Persembahan ini dilakukan dengan cara menyerahkan daun sirih dan nasi lengkap dengan lauk-pauk ke rumah uwa dan uwatta.
Sesajen dipercaya sebagai “bekal” ketika menghadap sang Khalik. Semakin banyak sesajen yang dibawa, akan semakin banyak pula bekal yang akan dinikmati kelak.
Pada ritual ini akan dilakukan penyiraman minyak wangi oleh Uwatta dan dimeriahkan dengan atraksi Massempe atau adu kekuatan kaki oleh anak-anak sebagai hiburan.
Semua anggota Tolotang berpakaian serba putih, memakai, sarung dan penutup kepala untuk laki-laki. Sedangkan untuk perempuan mengenakan pakaian seperti kebaya.
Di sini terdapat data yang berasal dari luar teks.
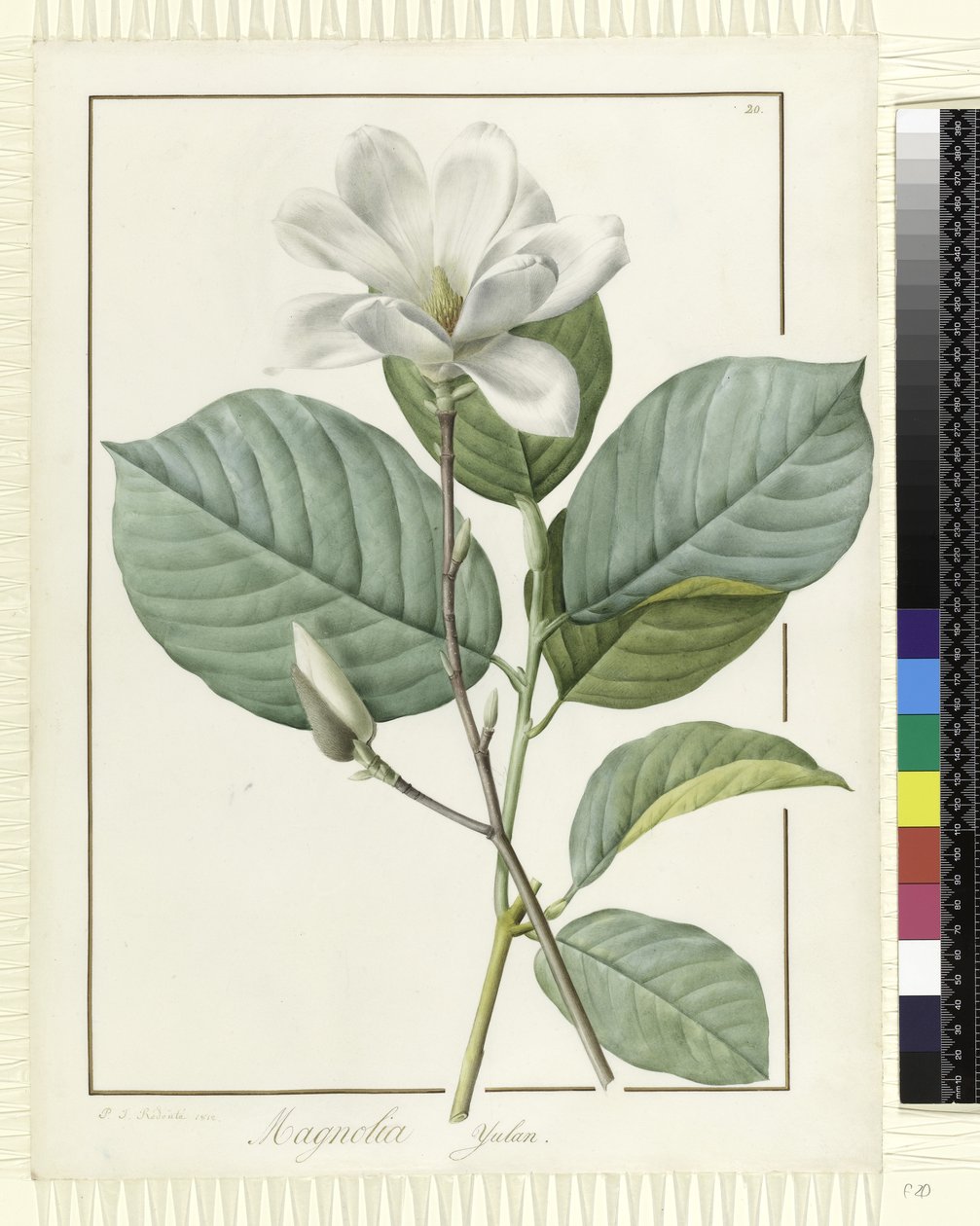 Magnolia yulan Magnolia denudata, 1812 autorstwa Pierre Joseph Redouté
Pada saat ritual, mereka duduk bersila di atas tikar dengan penuh hikmat dan keheningan. Mereka memusatkan raga dan pikiran kepada sang pencipta atau Dewata SeuwaE.
4. Percaya Tubuh Manusia Terdiri Dari Tanah, Air, Api dan Angin
Penganut Tolotang juga percaya bahwa tubuh manusia (watangkale) terjadi dari empat unsur utama. Yakni tanah, air, api, dan angin.
Dalam ritual adat, keempat unsur tersebut disimbolkan dengan jenis makanan yang disebut Sokko Patanrupa atau nasi ketan empat macam.
Nasi ketan putih menjadi simbol air air, nasi ketan merah menjadi simbol api, nasi ketan kuning menjadi simbol angin, dan nasi ketan hitam menjadi simbol tanah. Sokko Patanrupa selalu menjadi bagian utama dalam sesajen upacara Mappanre atau Mappano Bulu.
Tolotang juga meyakini, selain tubuh jasmani yang tampak, manusia memiliki tubuh yang tidak tampak (tubuhalusu) yaitu jiwa atau roh.
Perpaduan tubuhkasara dan tubuhalusu itulah yang disebut tau (manusia) yang dapat berkomunikasi dengan sesama manusia, dengan makhluk lain, dan juga dengan sang pencipta atau mereka sebut Dewata SuwaE.